NCJ Number
79413
Date Published
1981
Length
32 pages
Annotation
The proposals by New York State and city officials to combat rising crime in the State by developing harsher penalties and relaxing constitutional standards for criminal justice are criticized and alternative recommendations are presented.
Abstract
In response to the public's increasing fear of crime, public leaders have been calling for such measures as longer sentences and mandatory terms for certain offenders, restoration of capital punishment, permiting preventive detention, increasing prison capacity, and limiting the application of the exclusionary rule related to search and seizure. Such measures not only abandon longstanding democratic and civil libertarian traditions, but also are based on faulty data and the mistaken assumption that the criminal justice system can solve the crime problem.
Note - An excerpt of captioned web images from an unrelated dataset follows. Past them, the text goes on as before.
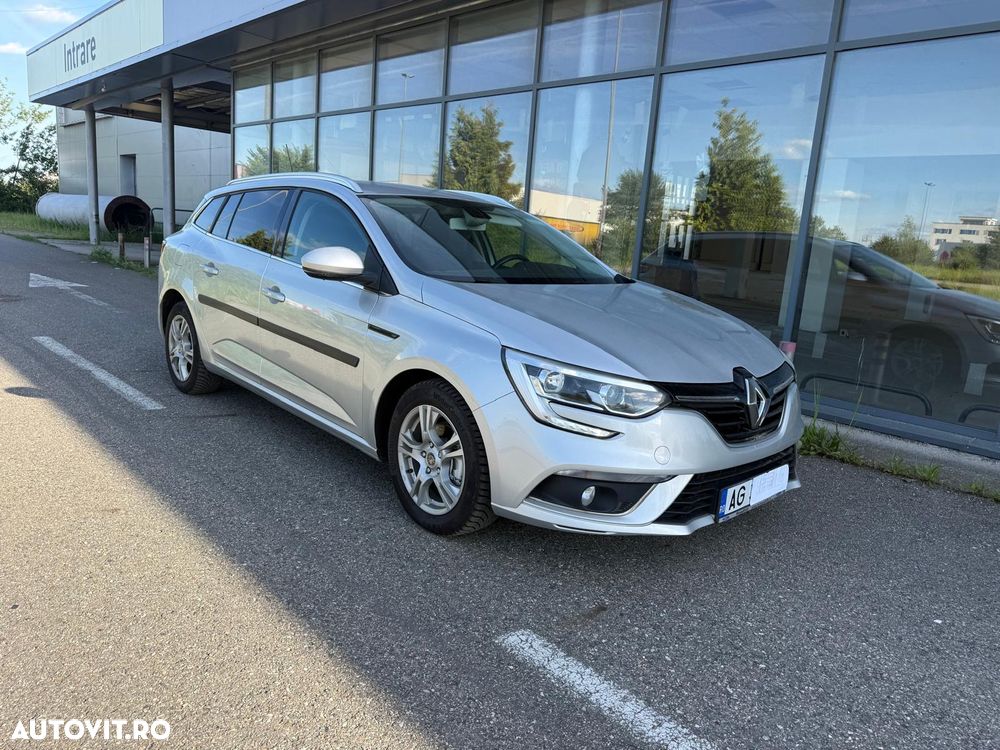 Renault Megane - 1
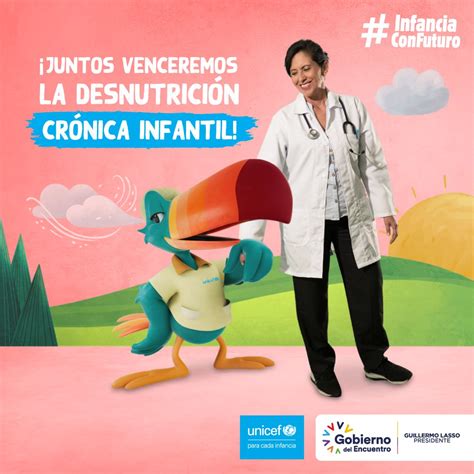 Ecuador Crece Sin Desnutrición Infantil on Twitter RT unicefecuador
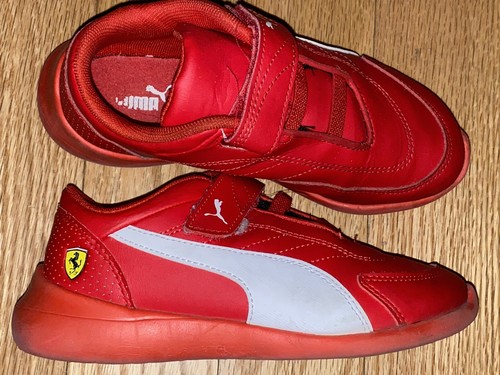 puma ferrari セットアップ us 赤　XS puma ferrari セットアップ us 赤 XS Scuderia Ferrari Race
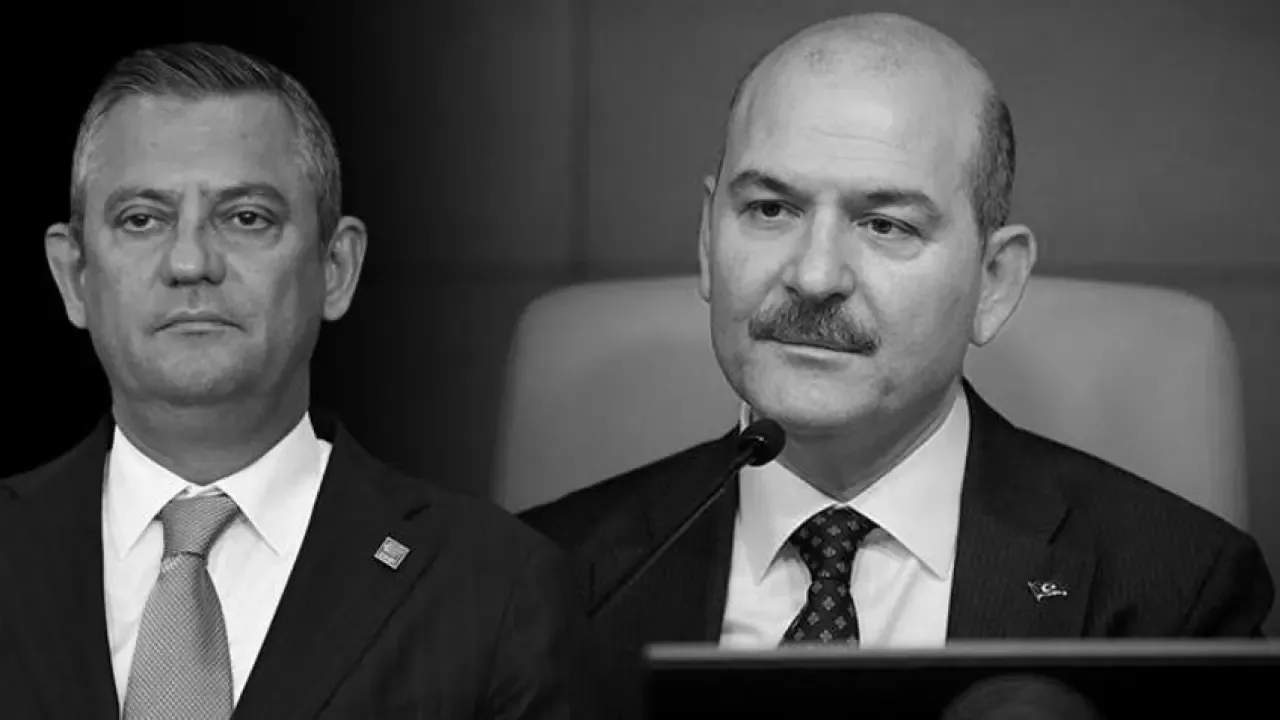 Süleyman Soylu'nun Açtığı Davada Karar: Özgür Özel'e Tazminat Hükmedildi Süleyman Soylu'nun Açtığı Davada Karar: Özgür Özel'e Tazminat Hükmedildi
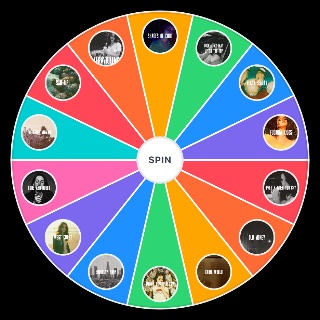 Spin the Wheel: Ultraviolence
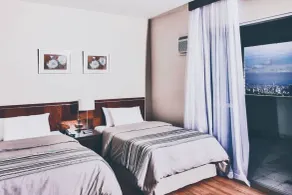 Piemonte Hotel - Room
Instead of the proposed measures, the criminal justice system should provide speedier adjudication, reduce unnecessary pretrial detention, develop community service programs and restitution as alternatives for defendants who need not be imprisoned or fully prosecuted, and improve service to crime victims. In addition, public officials should work with private groups such as the Fortune Society and the Vera Institute to make these and other improvements in the criminal justice system. The most important effort which should be undertaken is the revitalization of the economy with the development of new, community-based enterprises to create jobs for young people and others whose only opportunity now consists of committing street crime. Such an approach will change the conditions which create the crime problem. A total of 78 reference notes and membership lists of the National Executive's Committee and the advisory council of the National Council on Crime and Delinquency are provided.